For each actor, Ray will choose a node to run it and the scheduling decision is based on a few factors like the actor's resource requirements <ray-scheduling-resources> and the specified scheduling strategy <ray-scheduling-strategies>. See Ray scheduling <ray-scheduling> for more details.

Fault Tolerance

By default, Ray actors won't be restarted <fault-tolerance-actors> and actor tasks won't be retried when actors crash unexpectedly. You can change this behavior by setting max_restarts and max_task_retries options in ray.remote() <ray.remote> and .options() <ray.actor.ActorClass.options>. See Ray fault tolerance <fault-tolerance> for more details.

FAQ: Actors, Workers and Resources

What's the difference between a worker and an actor?

Each "Ray worker" is a python process.

Workers are treated differently for tasks and actors. Any "Ray worker" is either 1. used to execute multiple Ray tasks or 2. is started as a dedicated Ray actor.

  • Tasks: When Ray starts on a machine, a number of Ray workers will be started automatically (1 per CPU by default). They will be used to execute tasks (like a process pool).

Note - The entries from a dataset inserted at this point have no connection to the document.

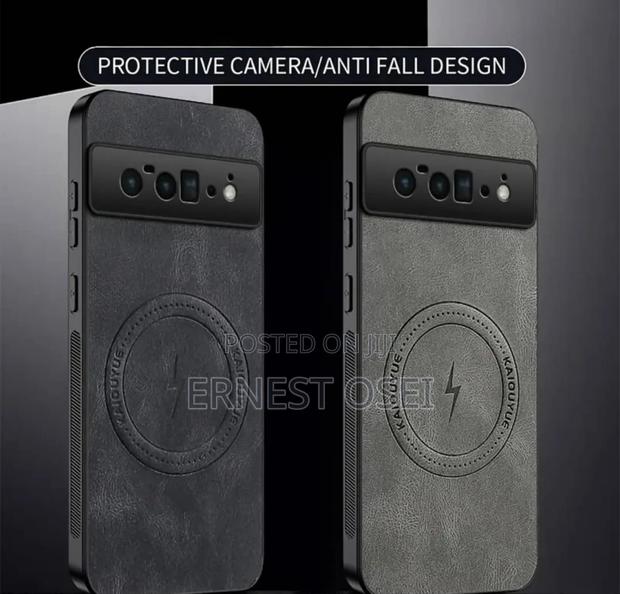 Leather Wireless Charging Case for Pixel 6 · Photo 2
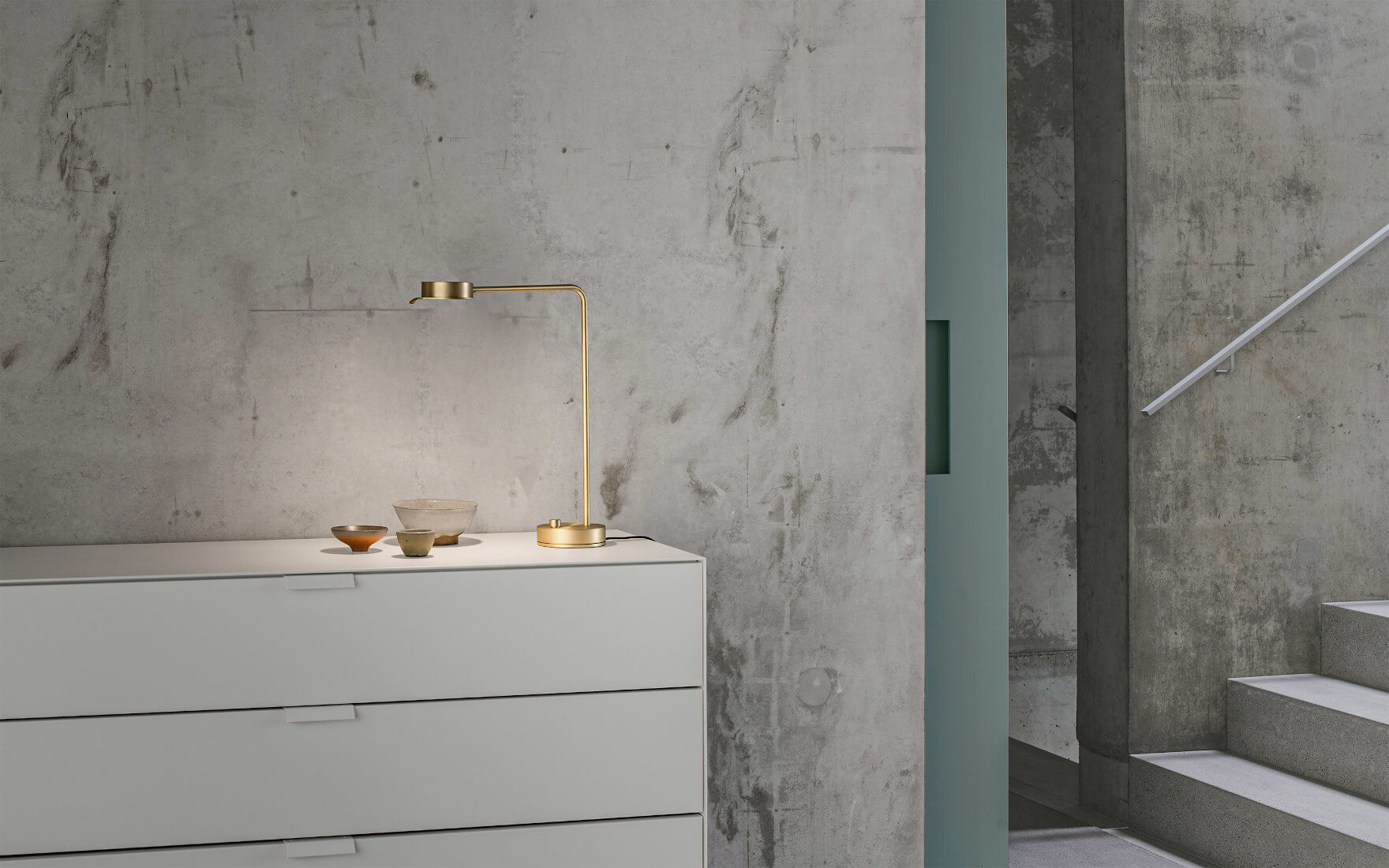 w102 Chipperfield Tischleuchte, brass
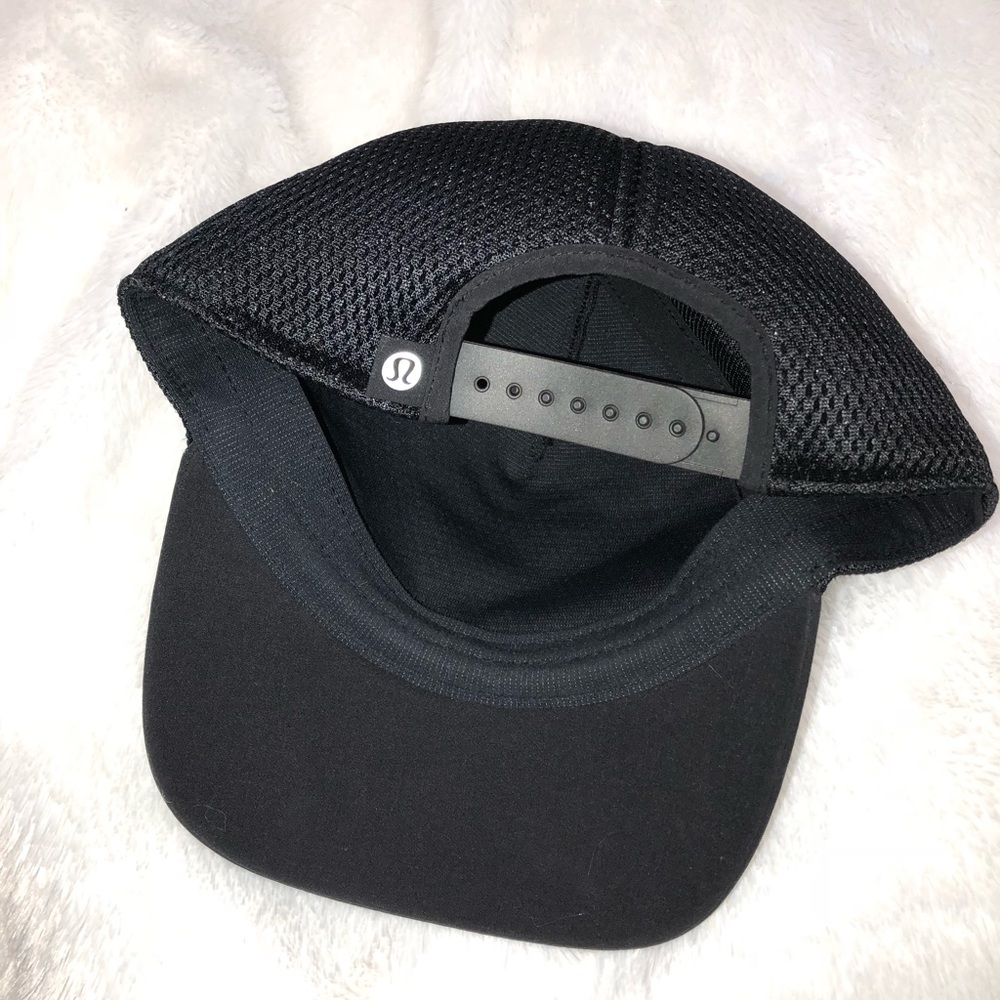 Lululemon black snap back hat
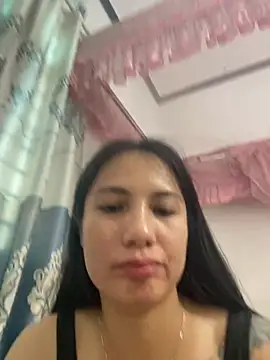 -Lyny- Pertunjukan Webcam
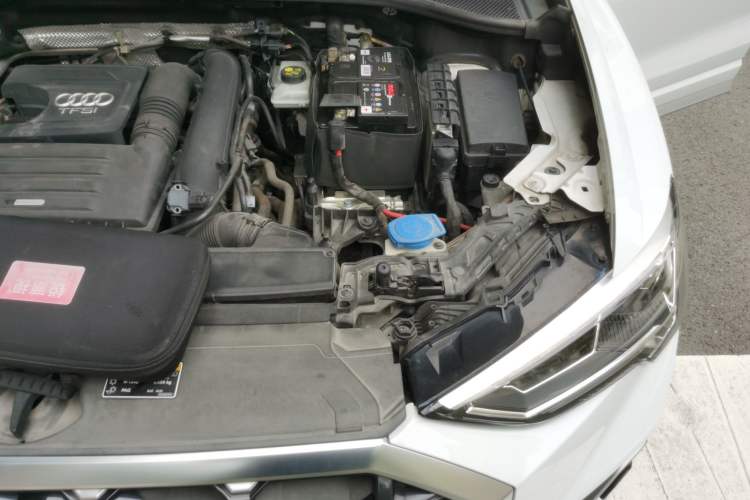 Used Audi Q3 2020 35 TFSI Fashion Dynamic Model Engine Bay Left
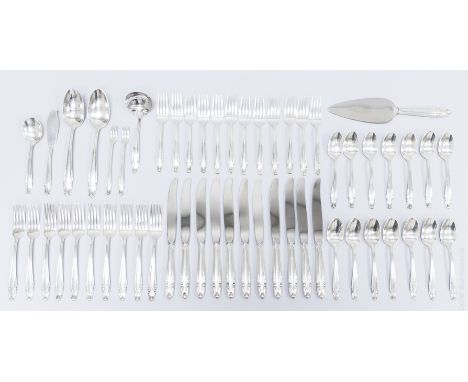 Wallace Sterling silver flatware service, "Stradivari" pattern, 55 pieces. (10 Dinner forks,, 11 dinner knives, 14 teaspoons,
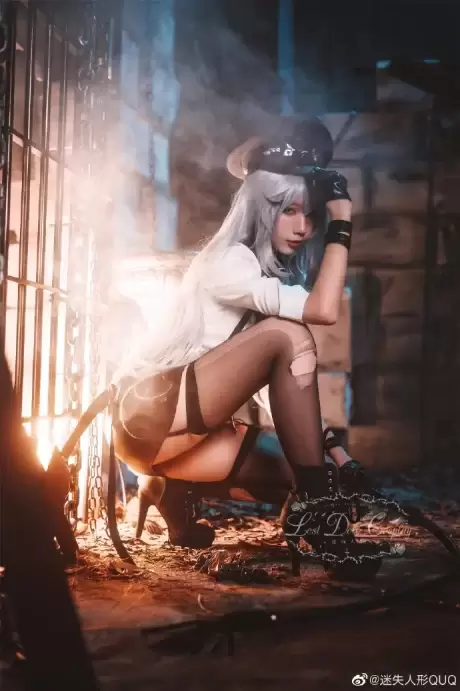 迷失人形QUQ甘古特COS：碧蓝航线女警官的性感与权威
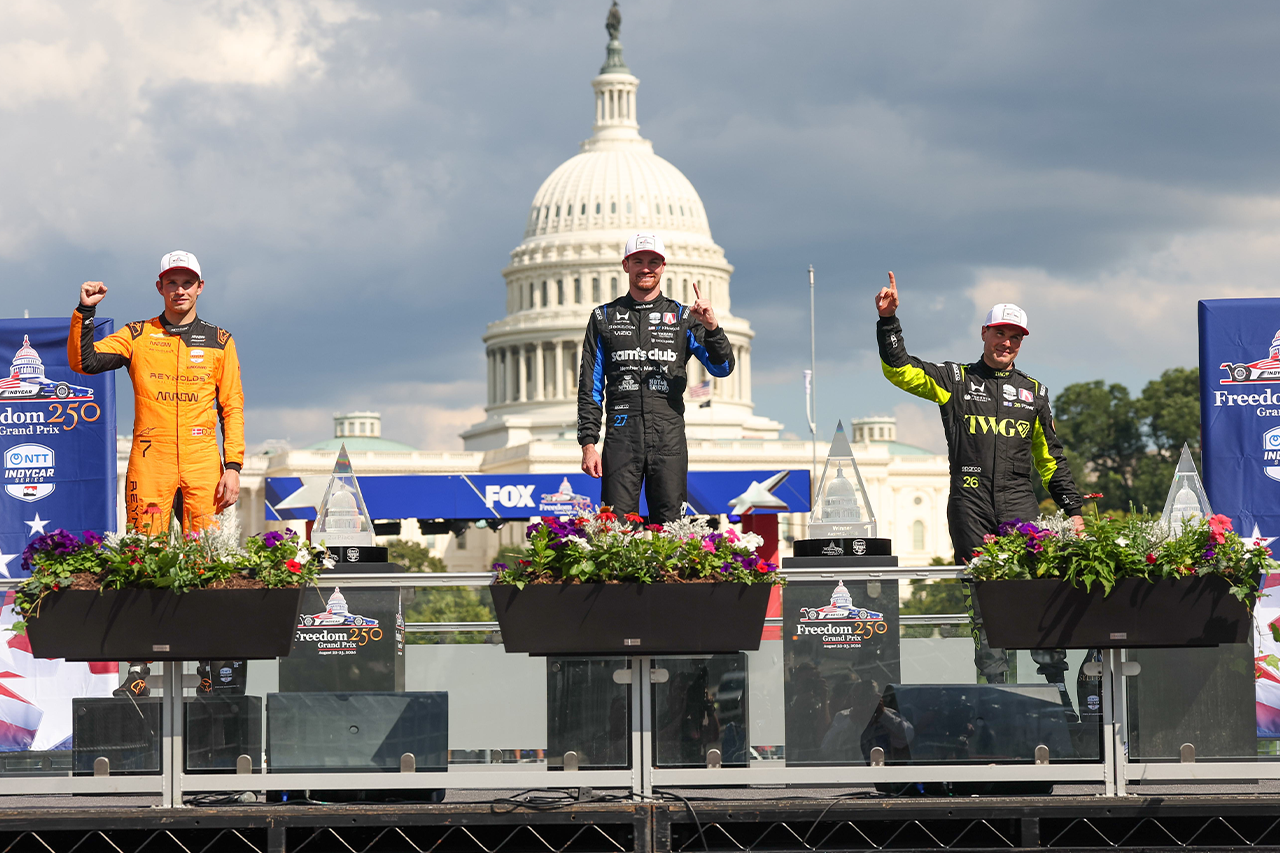 アメリカ建国250周年記念レースでカークウッドが母国に勝利を捧げる。アンドレッティが1.3.4フィニッシュ／インディカー第15戦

If you execute 8 tasks with num_cpus=2, and total number of CPUs is 16 (ray.cluster_resources()["CPU"] == 16), you will end up with 8 of your 16 workers idling.
  • Actor: A Ray Actor is also a "Ray worker" but is instantiated at runtime (upon actor_cls.remote()). All of its methods will run on the same process, using the same resources (designated when defining the Actor). Note that unlike tasks, the python processes that runs Ray Actors are not reused and will be terminated when the Actor is deleted.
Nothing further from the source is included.